Quand les esclaves chaussèrent la liberté...

Faire le "lundi cordonnier" à Maurice, c'est prolonger indûment le week-end et, la tradition veut, que ce soit pour aller à la pêche. Ce "lundi cordonnier" aurait pour origine un jour de repos que se seraient octroyé les cordonniers, savetiers et autres  spécialistes du cuir qui avaient du faire face à une demande de 56750 nouvelles paires de chaussures neuves pour équiper les "apprentis" qui, le Dimanche de Pâques (31mars 1839), passaient enfin au statut d'homme libre.

  La décennie de L'Abolition (1830-1840) est une période importante dans l'histoire sociale de Maurice. Elle marque l'accès des Noirs à la dignité et à la liberté, que l'esclavagisme leur avait déniées, sur une terre de rêve devenue colonie à sucre de l' Empire britannique;

   Les colons franciliens montrèrent une hostilité farouche à l'émancipation inéluctable des esclaves. Leur véhéménce se cristallisera sur deux articles emblématiques devant être accordés aux esclaves : le port d'un patronyme et le port des souliers, deux attributs propres à l'humain.

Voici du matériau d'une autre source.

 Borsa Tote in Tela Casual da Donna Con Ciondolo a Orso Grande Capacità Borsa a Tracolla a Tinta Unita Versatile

    Même pendant la période transitoire de l'apprentissage(1835-1839) cette revendication symbolique du port des souliers ne sera pas satisfaite.

      Tout celà explique la nécessité pour chaque esclave d'avoir des souliers, enfin, pour ce dimanche de Pâques 1839 jour de l'abolition. Je laisse la parole à Amanda Devi qui a très bien relaté, avec beaucoup de lyrisme, ce qu'avait du être cette journée.

     " Ce matin-là, ils mirent leurs chaussures avec une révérence de messe basse, au milieu du silence conjugué d'une poignée de maîtres ironiques ou meurtris, méprisants ou sincèrement attristés. Et, les semelles vierges de toute souillure claquant fièrement sur les sols de pierraille, les dalles des allées menant vers les maisons des propriétaires, les chemins de terre battue, durcis par tant d'années de service, tant de sécrétions organiques leur faisant une carapace lisse et polie, ils se mirent tous en route, des milliers et des milliers d'apprentis qui tournaient ce jour-là le dos aux propriétés, une marée ingambe provenant des quatre coins de l'île et dont les pas, résonnant de concert, semblaient entonner un furieux "magnificat" au rythme lancinant"

             "Ils étaient tous sur le chemin." 

      Contrairement à ce qu'avait craint les maîtres cette émancipation des esclaves se passa sans heurt. Evidemment, de nombreux affranchis, qui avaient trop souffert, abandonnèrent les plantations et ce sera l' "Engagement" d'ouvriers libres que l'on ira chercher au sud de L'Inde et qui viendront travailler la canne.

      J'ai raconté cette histoire du symbole des chaussures chez ses ancêtres à Matteo pour le dissuader de partir nus-pieds, même vers la plage. Ais-je été entendu?

     Ces renseignements sont tirés d'un livre très émouvant "Les souliers de l'Abolition" d'Alain Romaine.

     Pour les Lugosiens, intéressés par l'île Maurice, je vous signale qu'il y a, à la bibliothèque, plusieurs livres s'y rapportant, dont ceux d'Amanda Devi, que Christiane se fera prochainement un plaisir de vous  prêter.